Datasets for Conversational AI
This project allows users to load multiple datasets useful for research in conversational AI, spoken dialogue systems, and linguistics. It leverages the transformers dataset infrastructure to download and provide efficient access to variations of the same datasets - maintaining a single copy of the raw data and using minimal disk space to store dataset variations.
Project Dates: 8/21/22 - 8/21/23
Date Published: 6/23/24
Overview
I started this project to develop data pipelines that enable users to load multiple datasets useful for research in conversational AI, spoken dialogue systems, and linguistics. The primary contributions include:
- Leveraging the transformers dataset infrastructure to download and provide efficient access to variations of the same datasets.
- Maintaining a single copy of the raw data while using minimal disk space to store dataset variations.
- Providing access to a features package that can extract commonly required features from these datasets, such as voice activity.

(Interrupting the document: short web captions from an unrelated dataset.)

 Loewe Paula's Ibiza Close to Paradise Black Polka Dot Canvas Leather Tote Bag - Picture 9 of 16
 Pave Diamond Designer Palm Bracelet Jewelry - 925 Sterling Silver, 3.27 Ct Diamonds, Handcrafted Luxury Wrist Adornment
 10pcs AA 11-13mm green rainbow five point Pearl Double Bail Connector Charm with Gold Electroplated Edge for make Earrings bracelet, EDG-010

This was inspired by Erik’s datasets turn-taking project.
About
The data pipelines project allows users to load multiple datasets useful for research in conversational AI, spoken dialogue systems, and linguistics. It leverages the transformers dataset infrastructure to download and provide efficient access to variations of the same datasets, maintaining a single copy of the raw data and using minimal disk space to store dataset variations. Additionally, it provides access to a features package that can be used to extract commonly required features from these datasets (e.g., voice activity).

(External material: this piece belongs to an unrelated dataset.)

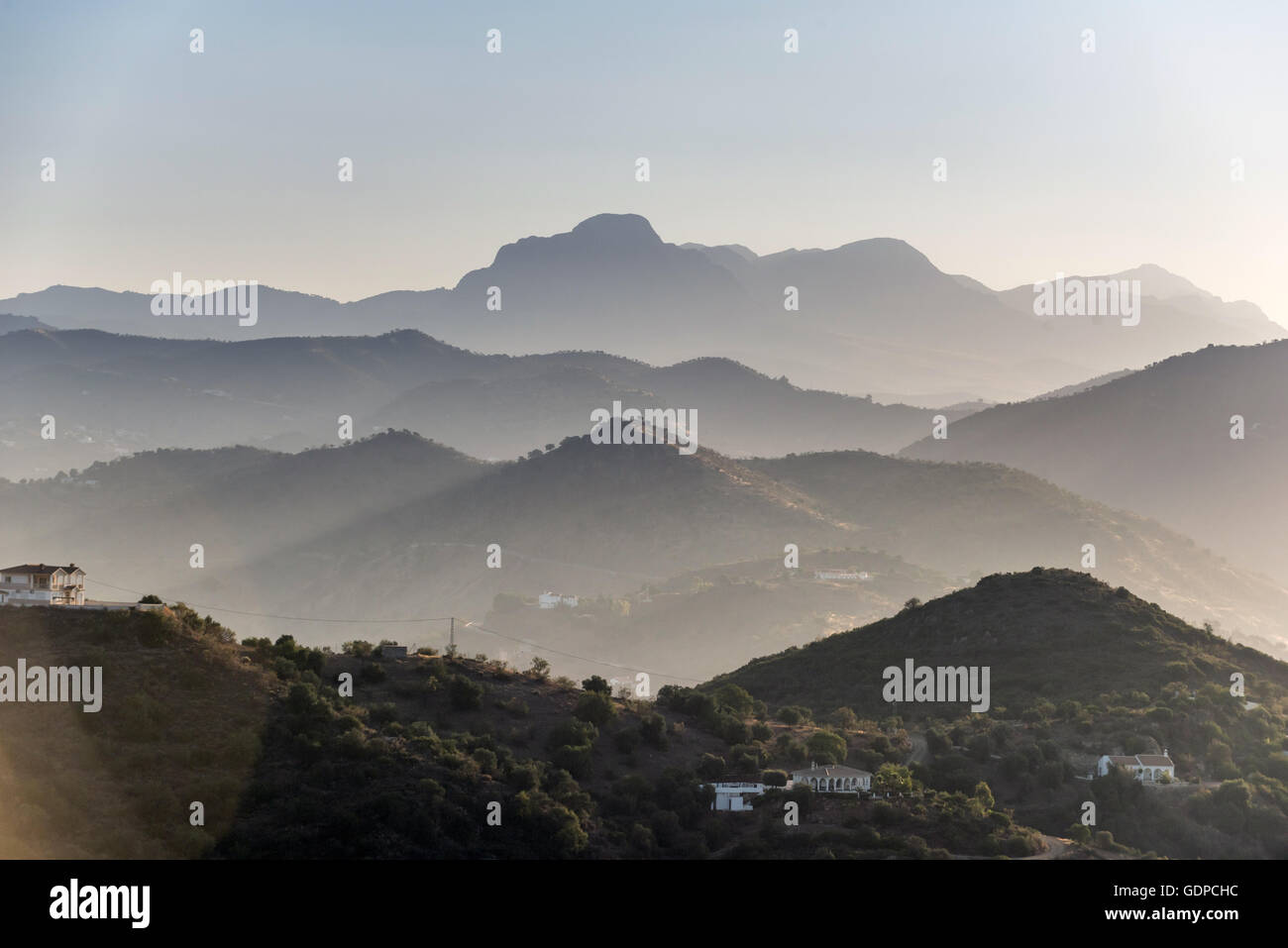 View across the mountains of Malaga province in southern Spain Stock Photo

The goal is to abstract the process of loading datasets that are useful for conversation research and allow researchers to focus on model development. It is unique because it provides access to tools and variations of datasets that might not be publicly available.
Datasets and Variants
Dataset Name | Variant | Description |
---|---|---|
Callfriend | default | Provides access to text features per conversation. |
audio | Provides access to raw audio per conversation. | |
Callhome | default | Contains text features of telephone conversations. |
audio | Contains raw audio of telephone conversations. | |
Fisher | default | Includes time-aligned transcripts of conversations. |
audio | Includes audio paths of conversations. | |
Maptask | default | Provides access to dialogue transcripts. |
audio | Provides access to audio recordings of dialogues. | |
Switchboard | isip-aligned | Contains ISIP-aligned transcripts of conversations. |
swda | Contains SWDA-aligned transcripts of conversations. | |
ldc-audio | Contains raw audio of conversations. |
Features Package
The goal of this project is to be able to easily download and parse commonly used datasets in Conversational AI research. The load_dataset
method described in previous methods provides access to common features for each dataset. However, depending on the application, there may be a need to extract additional features. For example, audio feature sets (such as GeMAPS) may be required - or voice activity from the transcripts may be required.

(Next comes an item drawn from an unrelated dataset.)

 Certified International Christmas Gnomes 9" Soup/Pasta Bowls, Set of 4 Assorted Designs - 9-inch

The Features package provides access to methods that may be used for these purposes. Some key features include:
- Audio Feature Extraction: Methods to extract audio features such as GeMAPS using tools like OpenSmile.
- Voice Activity Detection: Algorithms to detect and segment voice activity within audio recordings.
- Text Features: Extraction of linguistic features from transcripts, such as part-of-speech tagging and syntactic parsing.
The goal is to map these methods onto the dataset and save the results for efficient access later, enabling researchers to focus on their core research without worrying about the preprocessing steps.
NOTE: Further documentation is forthcoming.